Image-caption web data:
********************

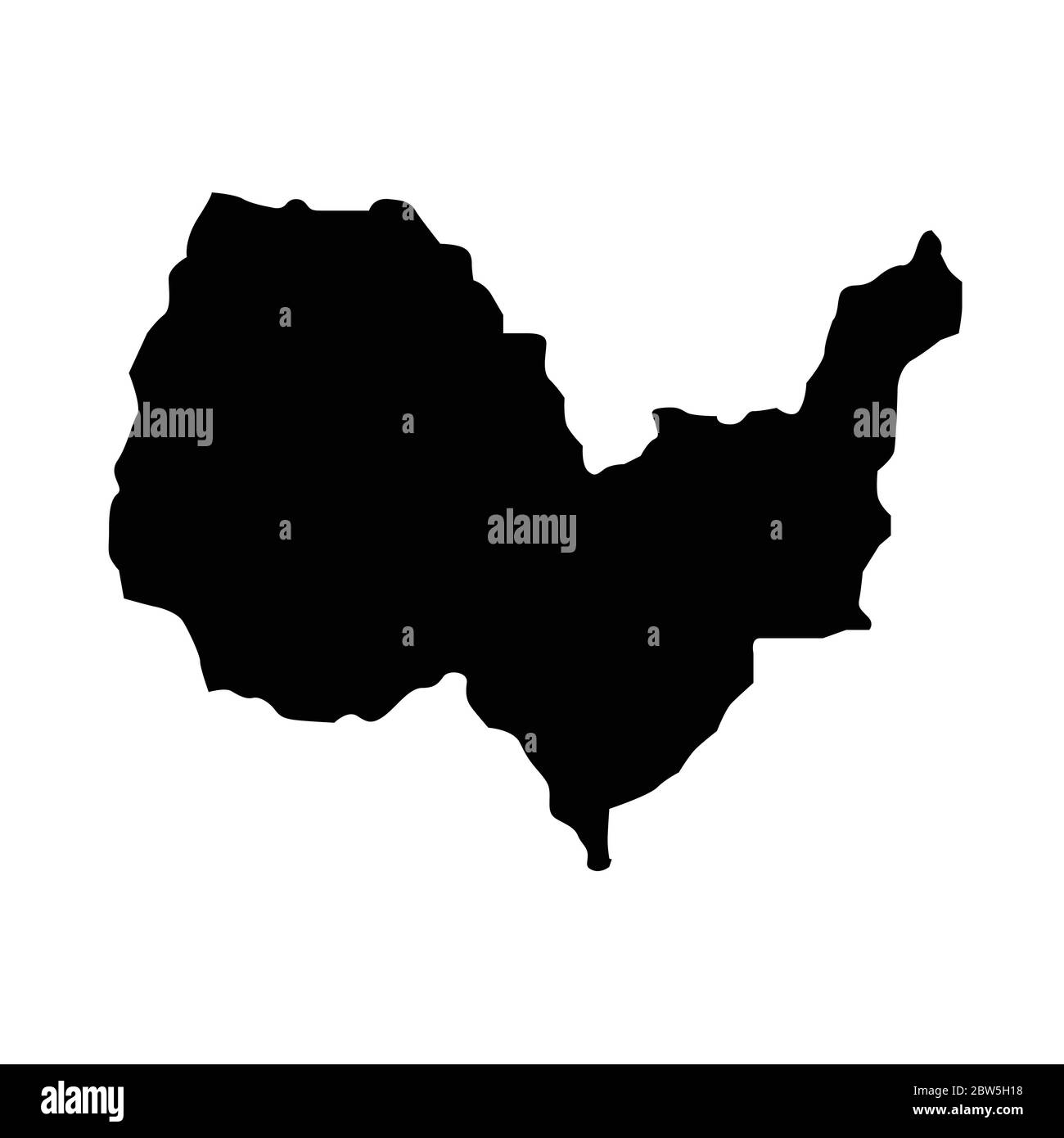 Carte vectorielle Kaboul. Illustration de vecteur isolé. Noir sur fond blanc. Illustration de l'EPS 10. Illustration de Vecteur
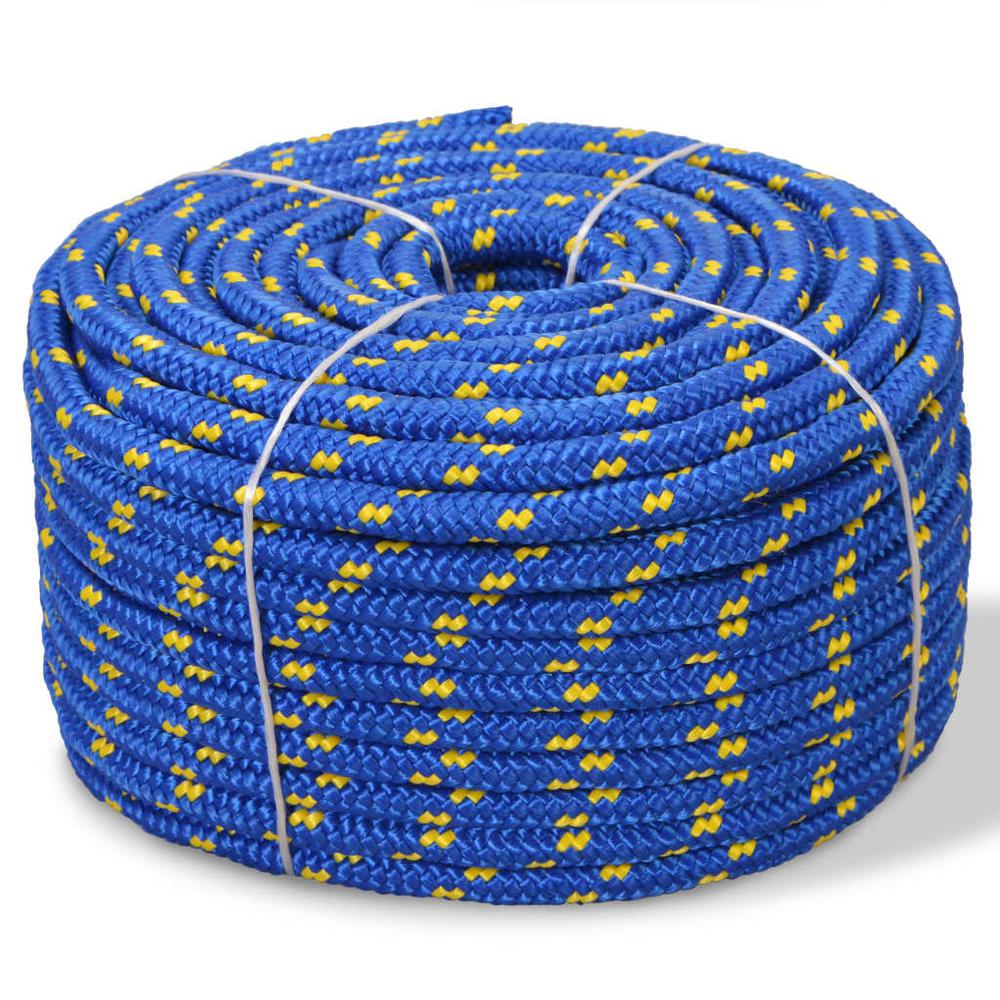 vidaXL Marine Rope Polypropylene 0.55" 1968.5" Blue, 91298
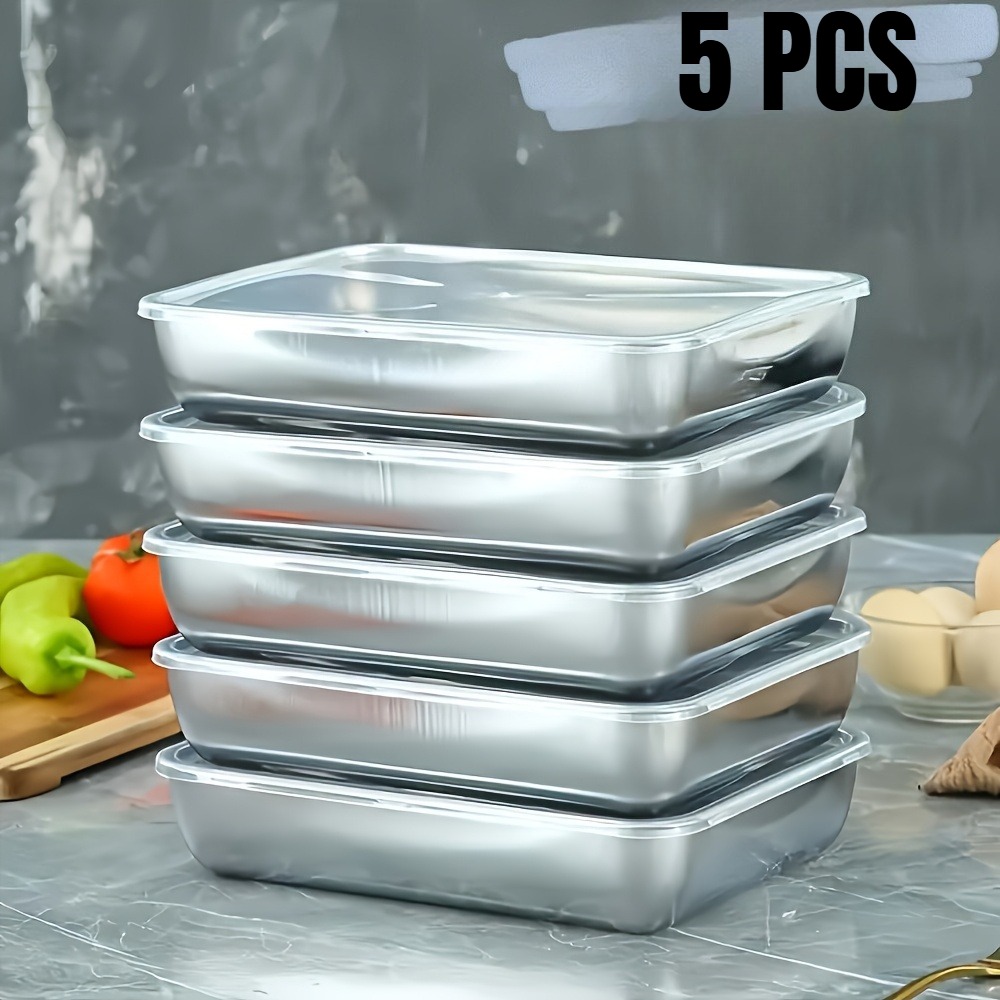Meal Prep Containers Xl - Contenedores de almacenamiento de alimentos de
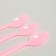Tablespoons plastic, 6 pcs., Pink color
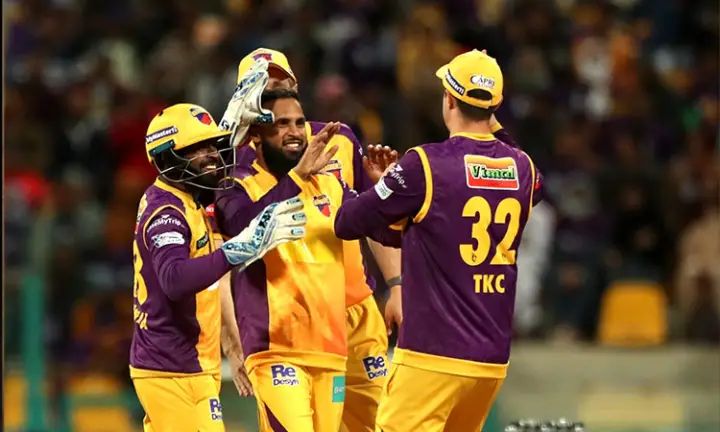 Adil grabs four wickets, leads Warriors to thumping win over Knight Riders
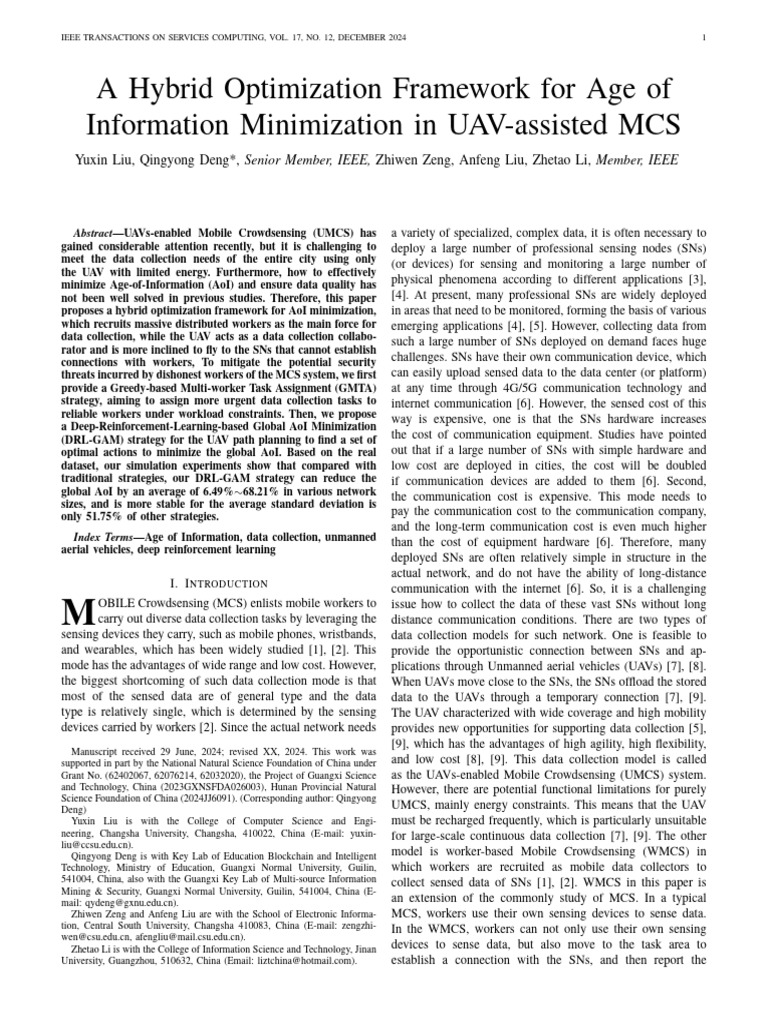 A Hybrid Optimization Framework For Age of Information Minimization in ...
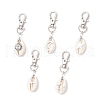Natural Cowrie Shell Pendant Decorations HJEW-JM03318-2
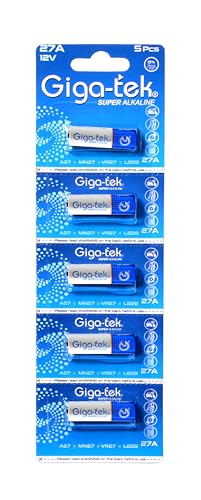 Image of LR27A 12v Alkaline Battery - Pack of 5 - (Compatible Models : A27, M27, VR27, L828)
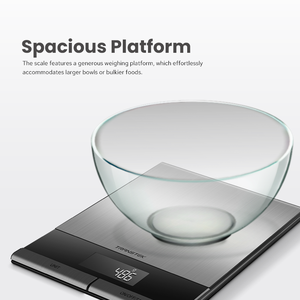 TRANSTEK 가정용 개인 전자식 다이어트 요리 무게 측정 저울 5kg 스테인리스 스틸 디지털 푸드 저울 - Product Image 5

********************

Once you reach the line containing "Adil grabs four", print it and every line after it exactly, through the end of the entries, without any pictures.

 Adil grabs four wickets, leads Warriors to thumping win over Knight Riders
 A Hybrid Optimization Framework For Age of Information Minimization in ...
Natural Cowrie Shell Pendant Decorations HJEW-JM03318-2
 Image of LR27A 12v Alkaline Battery - Pack of 5 - (Compatible Models : A27, M27, VR27, L828)
 TRANSTEK 가정용 개인 전자식 다이어트 요리 무게 측정 저울 5kg 스테인리스 스틸 디지털 푸드 저울 - Product Image 5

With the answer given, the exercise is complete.